I have moved towards using regular expressions since simple matches run the risk of matching against unintended targets. For example, giving a slight negative weight to the string “sport” would give a negative weight to “optimal transport”, which I’m actually quite interested in. We can do something like match against ” sport ” but this will miss if we have the word “sports”, and so on. The current regular expression is an attempt to capture more of these cases. Another option is to use whole-word matching with the “w” or “W” match type key, which will match against “sport” but not “transport”. The (mark 600) expression marks an entry as read if it’s at a score less than -600, which is generally only an entry with a large number of matches giving negative scores

To activate elfeed-score, we just put this in the .init file,

(require 'elfeed-score) (elfeed-score-enable) (define-key elfeed-search-mode-map "=" elfeed-score-map)
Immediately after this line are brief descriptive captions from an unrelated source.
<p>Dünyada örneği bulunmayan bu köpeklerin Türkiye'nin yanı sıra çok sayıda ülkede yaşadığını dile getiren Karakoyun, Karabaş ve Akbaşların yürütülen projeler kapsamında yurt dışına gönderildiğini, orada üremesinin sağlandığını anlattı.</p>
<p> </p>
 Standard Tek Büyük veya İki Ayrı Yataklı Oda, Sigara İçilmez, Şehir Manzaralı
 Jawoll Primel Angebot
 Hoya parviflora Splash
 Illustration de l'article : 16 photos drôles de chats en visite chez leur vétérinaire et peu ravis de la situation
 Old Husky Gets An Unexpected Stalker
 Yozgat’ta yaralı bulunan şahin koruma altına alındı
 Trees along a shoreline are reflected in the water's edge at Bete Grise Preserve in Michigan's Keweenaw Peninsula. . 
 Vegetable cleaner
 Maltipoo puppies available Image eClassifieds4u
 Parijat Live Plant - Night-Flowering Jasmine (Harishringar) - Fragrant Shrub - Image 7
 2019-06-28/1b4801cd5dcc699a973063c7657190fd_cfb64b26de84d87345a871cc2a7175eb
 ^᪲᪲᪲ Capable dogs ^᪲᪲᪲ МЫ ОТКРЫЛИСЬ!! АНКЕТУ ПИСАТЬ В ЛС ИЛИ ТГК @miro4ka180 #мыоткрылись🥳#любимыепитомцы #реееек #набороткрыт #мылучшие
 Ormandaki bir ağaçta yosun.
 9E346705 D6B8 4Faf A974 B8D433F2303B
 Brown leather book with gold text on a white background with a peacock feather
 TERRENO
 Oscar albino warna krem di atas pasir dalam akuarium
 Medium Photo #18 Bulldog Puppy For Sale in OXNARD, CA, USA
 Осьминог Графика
and the elfeed buffer is sorted after running elfeed-update. Hitting =v will also sort the entries, and =g will reveal the score of the entry, which can be used to investigate if an entry seems to have the wrong score.

Automatic elfeed-updates

Finally I set elfeed to run elfeed-update every 8 hours with the following snippet in my .emacs. Of course if emacs is not opened in a long time then this will not run, but since I use emacs every working day this shouldn’t be a problem.

(run-at-time nil (* 8 60 60) #'elfeed-update)

Conclusion

After all that work, I now have a way of reading the latest papers that:

  • Automatically fetches the latest papers every day from the arxiv sub-areas I’m interested in
  • Displays the paper title in full along with the authors
  • Has convenient keyboard shortcuts so that in seconds I can mark papers as read, pop open the abstract to read more or open the full paper
  • Scores the papers based on keywords in the title and abstract, as well as by author names so that I can look over the literature faster.

It’s not a perfect system. I’m not sure how the system currently handles papers that are cross-posted on multiple arxiv categories, or how the system deals with updated papers. In practice these don’t happen often enough that it’s a real issue, but it would be nice to sort those out. However, it’s a huge improvement over my previous method of using feedly and having to deal with adverts and a clumsy system.

I hope this write-up can help if anyone’s thinking about keeping up with the literature in emacs!